With Harold Hillenburg and Ray Crawford doing their thing together, and given their long friendship, it is not surprising that their offspring would be thrown together as well. Andy Hillenburg was a few years younger than Donnie but, like their fathers, the two became best of friends. When Andy reminisces about this time in his life, his seeming desire to just turn back the clock is palpable.
When you talk to Donnie and Andy today, nearly the first thing mentioned is the fun they had riding motorcycles. “We rode the dog out of those motorcycles,” Hillenburg says with a hearty laugh. “Donnie lived 10 miles straight north of me. We had plenty of land here, so we would ride on our family property, and then we had an oval track at Donnie‘s house. It would be us and two or three others and we would race all day long. It is crazy how much we did it. Ray had an old pickup and he threw our motorcycles in the back and brought them to my house and we would race them for two or three days.
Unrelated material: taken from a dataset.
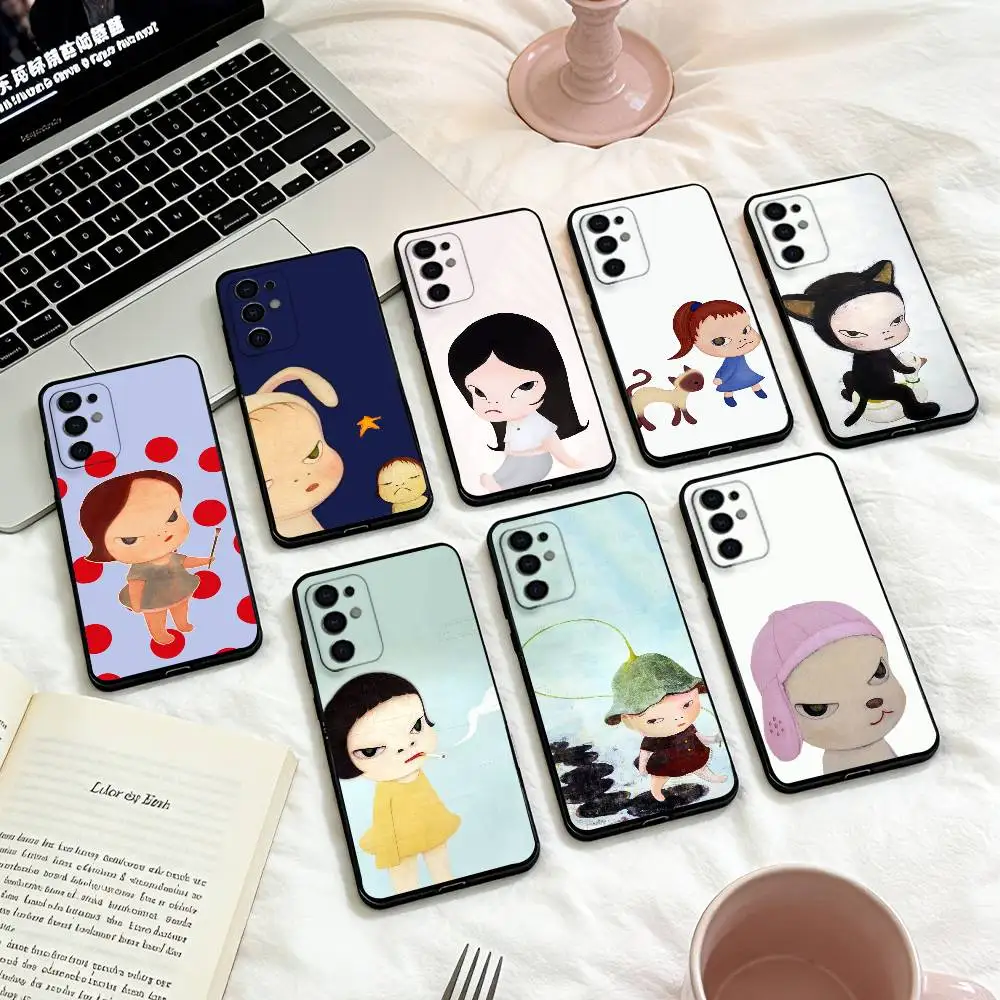 

Y-Yoshimoto N-Nara Girl ART Phone Case For Samsung S 25,24,23,22,30,21,10,9,Ultra,Plus,Lite,FE,4,5 G Soft Black Case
Then my dad would get his El Camino, or someone else would help us, and we would load the bikes back up and head to Donnie‘s. We did that all summer long, and it was so much fun. Sometimes my dad would take us to Kansas and we would ride up there for a week while he was working. It was crazy. Donnie was like the wheelie expert and one day he was following us through one of those itty-bitty towns, I think it was Peabody. So Donnie put it on the back wheel all the way down Main Street and all the way through town. It was so funny. We thought we were so cool.”
Crawford was the first to make the move to four-wheel competition but, much like his time in motorcycles, it started out as just a fun hobby. One of Donnie‘s childhood friends was future Tulsa Speedway champion Jon Werthen. Jon‘s father was also Crawford‘s baseball coach, and when they weren‘t fooling around with more traditional sports the boys began putting karts together.
When Donnie was 13 his dad purchased a welder, and he actually learned the art before his father. Werthen was also interested in fabrication, so together the pair had fun seeing what they could cobble together. Things got a bit more serious when he began competing at RuJo Raceway (now Port City) when he was 16 or 17 years old. Andy Hillenburg would take a more circuitous route to formal motorized competition and would join his pal a few years later.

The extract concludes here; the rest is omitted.